Il se peut que l'essai de François Leperlier crée la polémique ou bien – a contrario et plus probablement – tombe dans le silence assourdissant et accéléré de la machine médiatique. Les acteurs de la scène poétique feront la sourde oreille ou s'offusqueront, cabrés sur leurs grands chevaux outrés. Peu importe. Comme son titre l'indique, l'essai traite moins de la poésie en tant que telle – encore qu'il donne nombre d'aperçus décisifs sur sa nature même – que des conditions de réception et de divulgation qui sont les siennes, institutionnelles et sociétales, mais encore symboliques. Au rebours de l'idéologie culturelle dominante qui donne allègrement dans le volontarisme et le positivisme militant, Leperlier remarque, malgré leur multiplication et leur envahissement, l'inefficacité des politiques publiques qui cherchent à la favoriser. Inefficaces sont ces dispositifs pour augmenter le lectorat de la poésie, et même contre-productifs : quand règnent la quantité et la communication, l'impératif pédagogique et spectaculaire auxquels les poètes eux-mêmes sont tenus de se soumettre, c'est la qualité du poème qui est lésée, et même son projet, ses enjeux qui sont d'ordre symbolique, qui se développent d'abord sur le plan (et dans la profondeur) de l'imaginaire. Quand s'accroît la prégnance de la société techniciste et médiatico-marchande sur la sphère privée de chacun (poète et lecteur), quelle place reste-t-il pour un usage méditatif du poème ? La question mérite d'être posée et Leperlier ne trouve guère de réponse optimiste, regrettant les groupements affinitaires qui pouvaient jadis, naguère encore, opposer une fin de non-recevoir aux mots d'ordre capitalistes parce qu'ils étaient aimantés par un horizon utopique.

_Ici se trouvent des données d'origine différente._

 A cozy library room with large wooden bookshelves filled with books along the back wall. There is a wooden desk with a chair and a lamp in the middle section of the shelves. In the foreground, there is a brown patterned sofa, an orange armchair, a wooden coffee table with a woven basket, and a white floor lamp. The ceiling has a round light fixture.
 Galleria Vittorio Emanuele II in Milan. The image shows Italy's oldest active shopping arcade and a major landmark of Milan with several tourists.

Si le propos de Leperlier remonte bien quelques bretelles prétentieuses et remet les pendules de la poésie à l'heure – mais alors à l'heure de son inactualité éternelle, de son antiquité pérenne – il vaut bien plus que pour son aspect immédiatement polémique : c'est à une réhabilitation de l'imagination qu'il travaille, tant dans le domaine philosophique que dans le domaine poétique, les deux étant en fait indissociables. À l'encontre d'une vision textualiste, littéraliste, étroitement centrée sur son dispositif sémiotique désublimé (mais on pourrait y adjoindre d'autres options esthétiques qui ne sont pas non plus les siennes : celles de la « présence » ou la poésie du quotidien, les parti pris sociologisants ou descendants, etc.), il prône une poésie qui ne craint ni le métaphysique ni l'ontologie, ni le lyrisme, et avant tout il défend une poésie de l'image et de l'analogie. Celle-ci ne cherche pas tant à représenter (un réel qui lui serait purement extérieur) qu'à amplifier et renforcer les relations de l'imaginaire et du réel, à augmenter leur rapport nourricier dans un sens unitaire et ascendant. Continuum dont le poème est la trace, l'expérience, et une perspective pour la liberté individuelle.